Supplied material:
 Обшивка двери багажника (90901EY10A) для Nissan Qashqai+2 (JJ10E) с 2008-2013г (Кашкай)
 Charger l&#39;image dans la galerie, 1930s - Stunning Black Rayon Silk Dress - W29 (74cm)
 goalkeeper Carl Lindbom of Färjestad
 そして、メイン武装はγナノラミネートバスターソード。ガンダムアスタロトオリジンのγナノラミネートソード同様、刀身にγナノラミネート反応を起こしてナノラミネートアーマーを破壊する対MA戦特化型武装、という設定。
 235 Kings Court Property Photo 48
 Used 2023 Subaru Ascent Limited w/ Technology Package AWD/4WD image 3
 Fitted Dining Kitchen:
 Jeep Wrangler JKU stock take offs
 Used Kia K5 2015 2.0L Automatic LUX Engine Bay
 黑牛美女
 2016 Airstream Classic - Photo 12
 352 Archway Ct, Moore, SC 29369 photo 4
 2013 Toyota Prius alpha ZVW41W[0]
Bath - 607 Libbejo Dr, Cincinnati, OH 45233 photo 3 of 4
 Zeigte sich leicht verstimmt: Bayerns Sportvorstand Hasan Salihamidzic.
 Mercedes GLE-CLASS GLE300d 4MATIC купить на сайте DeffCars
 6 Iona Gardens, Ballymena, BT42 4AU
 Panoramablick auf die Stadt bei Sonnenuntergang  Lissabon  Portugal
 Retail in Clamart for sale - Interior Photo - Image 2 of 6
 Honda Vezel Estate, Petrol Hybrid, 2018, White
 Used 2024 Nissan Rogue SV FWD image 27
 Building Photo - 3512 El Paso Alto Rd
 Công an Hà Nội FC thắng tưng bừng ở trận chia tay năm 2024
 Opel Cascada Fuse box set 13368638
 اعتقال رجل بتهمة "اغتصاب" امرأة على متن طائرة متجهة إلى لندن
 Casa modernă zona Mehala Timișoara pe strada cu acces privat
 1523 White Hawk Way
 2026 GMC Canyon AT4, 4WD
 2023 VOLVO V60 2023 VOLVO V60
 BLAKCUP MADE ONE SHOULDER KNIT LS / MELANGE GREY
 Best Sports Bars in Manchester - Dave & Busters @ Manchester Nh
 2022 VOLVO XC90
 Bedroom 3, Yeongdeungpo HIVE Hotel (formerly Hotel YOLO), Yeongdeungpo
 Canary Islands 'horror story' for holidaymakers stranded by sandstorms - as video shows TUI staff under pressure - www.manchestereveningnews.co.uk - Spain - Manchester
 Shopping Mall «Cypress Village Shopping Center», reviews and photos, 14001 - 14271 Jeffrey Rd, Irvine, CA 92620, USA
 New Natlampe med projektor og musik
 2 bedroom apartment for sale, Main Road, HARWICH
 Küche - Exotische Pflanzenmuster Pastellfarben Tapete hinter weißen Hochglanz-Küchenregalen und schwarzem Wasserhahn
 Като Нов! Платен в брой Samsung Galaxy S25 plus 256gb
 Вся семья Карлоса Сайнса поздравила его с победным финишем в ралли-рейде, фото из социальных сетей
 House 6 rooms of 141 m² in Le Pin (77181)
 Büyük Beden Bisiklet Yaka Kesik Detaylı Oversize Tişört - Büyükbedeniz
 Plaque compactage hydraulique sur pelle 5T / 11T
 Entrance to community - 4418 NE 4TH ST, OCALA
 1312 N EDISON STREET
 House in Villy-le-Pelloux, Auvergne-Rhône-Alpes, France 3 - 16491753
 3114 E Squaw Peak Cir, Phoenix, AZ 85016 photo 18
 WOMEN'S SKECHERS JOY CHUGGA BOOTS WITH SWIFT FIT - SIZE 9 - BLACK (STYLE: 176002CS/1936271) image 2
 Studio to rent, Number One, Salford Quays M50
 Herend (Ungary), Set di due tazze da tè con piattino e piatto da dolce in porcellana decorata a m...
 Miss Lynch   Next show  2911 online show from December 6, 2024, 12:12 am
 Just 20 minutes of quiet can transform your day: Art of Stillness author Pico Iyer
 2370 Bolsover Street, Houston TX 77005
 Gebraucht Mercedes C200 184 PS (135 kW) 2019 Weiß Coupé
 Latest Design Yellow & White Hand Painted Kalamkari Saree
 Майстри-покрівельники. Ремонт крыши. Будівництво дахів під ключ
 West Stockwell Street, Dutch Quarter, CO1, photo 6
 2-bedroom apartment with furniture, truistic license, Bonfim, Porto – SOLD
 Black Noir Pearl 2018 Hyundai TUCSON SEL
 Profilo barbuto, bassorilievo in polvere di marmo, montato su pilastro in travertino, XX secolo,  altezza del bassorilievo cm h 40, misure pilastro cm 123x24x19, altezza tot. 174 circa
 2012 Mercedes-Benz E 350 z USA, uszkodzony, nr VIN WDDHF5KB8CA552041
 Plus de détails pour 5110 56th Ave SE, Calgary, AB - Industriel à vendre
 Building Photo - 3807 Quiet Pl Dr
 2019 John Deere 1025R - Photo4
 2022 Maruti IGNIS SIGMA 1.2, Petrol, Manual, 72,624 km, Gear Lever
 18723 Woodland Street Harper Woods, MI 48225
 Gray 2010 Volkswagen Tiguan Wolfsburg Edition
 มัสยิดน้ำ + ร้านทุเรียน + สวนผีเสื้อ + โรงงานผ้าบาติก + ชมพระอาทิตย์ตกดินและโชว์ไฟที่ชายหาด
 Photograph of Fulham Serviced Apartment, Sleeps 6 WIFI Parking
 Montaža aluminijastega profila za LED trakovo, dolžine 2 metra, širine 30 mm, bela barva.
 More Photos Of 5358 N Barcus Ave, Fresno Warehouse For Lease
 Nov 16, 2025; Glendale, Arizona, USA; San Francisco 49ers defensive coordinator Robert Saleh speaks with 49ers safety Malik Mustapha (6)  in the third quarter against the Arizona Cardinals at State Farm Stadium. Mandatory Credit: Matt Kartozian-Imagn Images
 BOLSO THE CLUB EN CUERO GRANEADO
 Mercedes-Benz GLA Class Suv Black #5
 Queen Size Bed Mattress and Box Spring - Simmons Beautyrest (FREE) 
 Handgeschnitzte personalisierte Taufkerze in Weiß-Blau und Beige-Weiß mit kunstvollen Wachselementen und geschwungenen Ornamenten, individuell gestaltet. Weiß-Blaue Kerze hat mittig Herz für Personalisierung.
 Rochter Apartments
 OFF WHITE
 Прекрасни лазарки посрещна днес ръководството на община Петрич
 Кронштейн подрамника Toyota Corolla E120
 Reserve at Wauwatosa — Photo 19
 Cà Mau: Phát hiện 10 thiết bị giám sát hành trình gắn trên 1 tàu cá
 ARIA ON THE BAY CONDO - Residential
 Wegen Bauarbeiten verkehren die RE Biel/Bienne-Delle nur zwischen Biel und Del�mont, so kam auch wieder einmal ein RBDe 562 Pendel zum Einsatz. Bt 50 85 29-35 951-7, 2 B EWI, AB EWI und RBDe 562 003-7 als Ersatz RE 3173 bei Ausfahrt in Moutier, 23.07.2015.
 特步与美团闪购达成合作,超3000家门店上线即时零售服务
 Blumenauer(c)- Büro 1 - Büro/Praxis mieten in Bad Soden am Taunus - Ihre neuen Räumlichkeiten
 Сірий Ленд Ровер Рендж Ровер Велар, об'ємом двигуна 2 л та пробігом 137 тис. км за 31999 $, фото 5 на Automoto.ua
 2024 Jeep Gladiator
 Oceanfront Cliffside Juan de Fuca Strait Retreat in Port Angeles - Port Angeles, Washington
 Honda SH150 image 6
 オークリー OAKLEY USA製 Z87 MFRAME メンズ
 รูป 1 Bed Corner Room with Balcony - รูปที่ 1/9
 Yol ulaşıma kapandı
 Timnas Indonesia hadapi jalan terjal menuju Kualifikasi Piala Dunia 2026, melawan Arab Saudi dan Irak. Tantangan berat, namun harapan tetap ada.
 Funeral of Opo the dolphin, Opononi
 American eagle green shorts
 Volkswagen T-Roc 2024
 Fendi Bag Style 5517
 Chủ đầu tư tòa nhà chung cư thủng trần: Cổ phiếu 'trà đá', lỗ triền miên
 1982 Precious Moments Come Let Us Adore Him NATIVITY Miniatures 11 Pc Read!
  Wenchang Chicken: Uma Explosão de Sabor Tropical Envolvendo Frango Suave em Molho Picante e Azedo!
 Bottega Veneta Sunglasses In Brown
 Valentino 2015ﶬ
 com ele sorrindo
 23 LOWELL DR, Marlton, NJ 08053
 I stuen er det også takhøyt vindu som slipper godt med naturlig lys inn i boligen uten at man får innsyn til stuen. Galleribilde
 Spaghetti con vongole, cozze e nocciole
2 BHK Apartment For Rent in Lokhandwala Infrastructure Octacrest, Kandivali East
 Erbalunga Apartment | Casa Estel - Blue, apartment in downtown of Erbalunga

Exercise goal: Your task is to reproduce the entries exactly, starting at the first line and ending with the line containing "goalkeeper Carl Lindbom of Färjestad".

Worked solution:
 Обшивка двери багажника (90901EY10A) для Nissan Qashqai+2 (JJ10E) с 2008-2013г (Кашкай)
 Charger l&#39;image dans la galerie, 1930s - Stunning Black Rayon Silk Dress - W29 (74cm)
 goalkeeper Carl Lindbom of Färjestad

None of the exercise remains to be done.